Tremava, aggrappandosi a quell'intercalare sommesso («scusate, scusate») che ha finito per intenerire chi lo ha visto deporre in aula. Lui, G. D., 55 anni, imprenditore di Fara Gera d'Adda, imputato di bancarotta fraudolenta.

Tremava, aggrappandosi a quell'intercalare sommesso («scusate, scusate») che ha finito per intenerire chi lo ha visto deporre in aula. Lui, G. D., 55 anni, imprenditore di Fara Gera d'Adda, imputato di bancarotta fraudolenta, ma antropologicamente lontano anni luce dai prestigiatori delle distrazioni fallimentari, solitamente così freddi e strafottenti.

L'uomo che cadde in disgrazia per pagare cartelle esattoriali e creditori; che preferì salvare l'onore e la faccia, le uniche cose che gli rimangono dopo essere stato costretto a vendere tre case. Nell'Italia dei 340 miliardi di euro di evasione, dei domicili fiscali di comodo e dei falliti che continuano a girare in Porsche e a vivere in villa, c'è ancora qualcuno capace di rovinarsi per saldare i debiti e onorare gli impegni di contribuente.

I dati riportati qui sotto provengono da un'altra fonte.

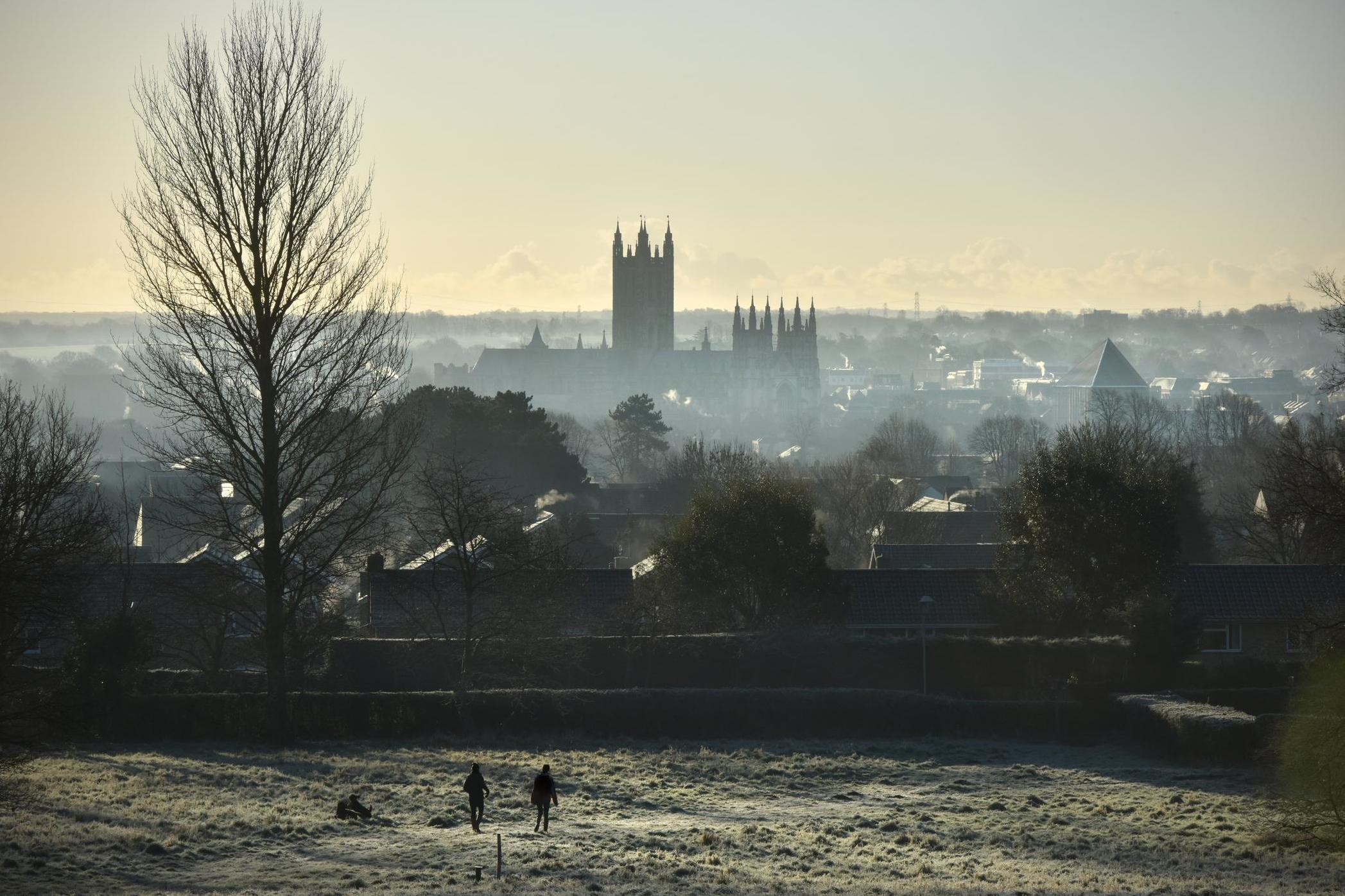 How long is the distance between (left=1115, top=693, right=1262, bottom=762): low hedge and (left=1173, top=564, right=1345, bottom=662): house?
8.73m

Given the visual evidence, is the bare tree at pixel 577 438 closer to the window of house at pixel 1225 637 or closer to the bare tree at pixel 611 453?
the bare tree at pixel 611 453

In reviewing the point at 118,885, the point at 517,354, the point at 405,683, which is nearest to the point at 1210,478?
the point at 405,683

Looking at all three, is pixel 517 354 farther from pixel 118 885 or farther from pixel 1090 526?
pixel 118 885

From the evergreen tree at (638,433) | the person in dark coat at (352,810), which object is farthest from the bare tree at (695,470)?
the person in dark coat at (352,810)

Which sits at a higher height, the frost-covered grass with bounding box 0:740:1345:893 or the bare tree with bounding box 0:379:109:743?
the bare tree with bounding box 0:379:109:743

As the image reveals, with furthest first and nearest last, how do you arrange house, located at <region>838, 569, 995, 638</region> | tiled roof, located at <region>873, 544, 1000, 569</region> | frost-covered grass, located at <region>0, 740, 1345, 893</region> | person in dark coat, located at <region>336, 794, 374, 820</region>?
tiled roof, located at <region>873, 544, 1000, 569</region> < house, located at <region>838, 569, 995, 638</region> < person in dark coat, located at <region>336, 794, 374, 820</region> < frost-covered grass, located at <region>0, 740, 1345, 893</region>

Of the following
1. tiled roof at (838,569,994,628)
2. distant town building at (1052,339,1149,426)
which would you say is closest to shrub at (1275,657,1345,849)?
tiled roof at (838,569,994,628)

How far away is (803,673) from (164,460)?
13750mm

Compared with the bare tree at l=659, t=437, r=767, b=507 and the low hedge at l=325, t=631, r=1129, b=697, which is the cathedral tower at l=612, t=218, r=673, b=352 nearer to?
the bare tree at l=659, t=437, r=767, b=507

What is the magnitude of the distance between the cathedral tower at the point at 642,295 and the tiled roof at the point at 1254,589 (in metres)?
139

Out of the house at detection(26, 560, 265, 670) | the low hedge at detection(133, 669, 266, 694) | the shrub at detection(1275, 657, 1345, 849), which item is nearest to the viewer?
the shrub at detection(1275, 657, 1345, 849)

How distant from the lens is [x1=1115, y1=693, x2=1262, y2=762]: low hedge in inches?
891

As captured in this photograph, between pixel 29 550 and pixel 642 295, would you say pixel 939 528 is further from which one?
pixel 642 295

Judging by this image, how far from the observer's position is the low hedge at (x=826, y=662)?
28688mm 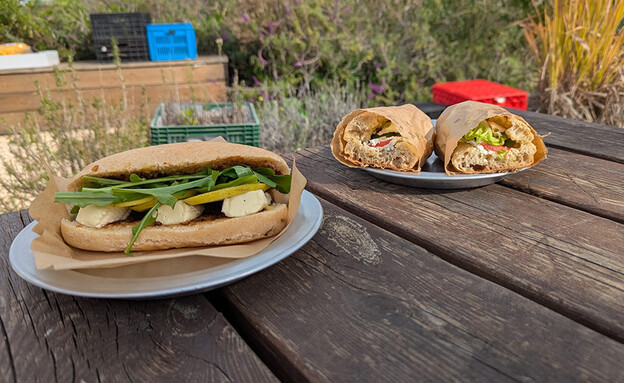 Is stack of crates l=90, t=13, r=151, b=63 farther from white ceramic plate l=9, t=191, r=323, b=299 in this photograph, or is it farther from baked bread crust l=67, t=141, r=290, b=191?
white ceramic plate l=9, t=191, r=323, b=299

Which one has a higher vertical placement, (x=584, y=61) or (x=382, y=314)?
(x=584, y=61)

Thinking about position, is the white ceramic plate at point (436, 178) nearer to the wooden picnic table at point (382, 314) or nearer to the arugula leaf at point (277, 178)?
the wooden picnic table at point (382, 314)

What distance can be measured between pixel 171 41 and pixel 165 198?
5.55 m

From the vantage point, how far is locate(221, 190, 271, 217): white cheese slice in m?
1.14

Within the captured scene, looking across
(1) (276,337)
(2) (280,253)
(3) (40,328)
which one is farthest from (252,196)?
(3) (40,328)

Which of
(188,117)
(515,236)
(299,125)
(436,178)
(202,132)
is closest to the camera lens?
(515,236)

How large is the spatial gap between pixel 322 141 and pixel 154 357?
11.9 ft

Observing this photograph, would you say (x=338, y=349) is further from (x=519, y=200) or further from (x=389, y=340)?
(x=519, y=200)

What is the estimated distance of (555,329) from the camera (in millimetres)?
848

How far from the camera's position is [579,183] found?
1.57m

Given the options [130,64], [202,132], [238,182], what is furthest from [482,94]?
[130,64]

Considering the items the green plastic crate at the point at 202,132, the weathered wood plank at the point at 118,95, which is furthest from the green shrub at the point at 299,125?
the weathered wood plank at the point at 118,95

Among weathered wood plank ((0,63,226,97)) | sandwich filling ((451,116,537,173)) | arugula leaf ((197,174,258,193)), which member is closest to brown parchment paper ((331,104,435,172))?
sandwich filling ((451,116,537,173))

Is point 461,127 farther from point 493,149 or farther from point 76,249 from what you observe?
point 76,249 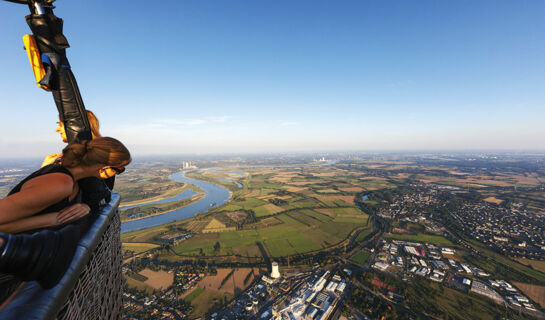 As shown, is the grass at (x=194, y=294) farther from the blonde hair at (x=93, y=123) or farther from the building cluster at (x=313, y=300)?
the blonde hair at (x=93, y=123)

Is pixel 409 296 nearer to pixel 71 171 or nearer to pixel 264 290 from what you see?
pixel 264 290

Servirà a poco, ma l'assoluzione che G. D. ha incassato, su richiesta dello stesso pm, è una specie di risarcimento morale. Il collegio presieduto da Giovanni Petillo ha privilegiato l'elemento soggettivo della presunta malefatta, e cioè che se anche l'imprenditore ha distratto dal fallimento della sua ditta i 430 mila euro contestati nel capo d'imputazione, lo ha fatto per pagare fornitori e tasse, non per godersi personalmente il bottino.

È una cartella esattoriale da 12 milioni di vecchie lire l'origine di questa odissea tributaria. L'imprenditore, tra interessi, multe e altre contestazioni, arriverà a versare alle agenzie del fisco - prima Bergamo Esattorie, poi Esatri, infine Equitalia - 347 mila euro, di cui solo 240 mila documentati («È che, tra i vari traslochi ho perso parte delle carte», si giustifica il cinquantacinquenne).

Tra l'altro, la cartella piove per un'irregolarità contabile che è palesemente un errore di distrazione, privo di dolo: nel bilancio del 1990 del caseificio di cui G. D. all'epoca era socio, compaiono solo i ricavi (780 milioni di lire) e non le spese. «Se uno vuole evadere di solito gonfia le uscite per ridimensionare gli utili, no?».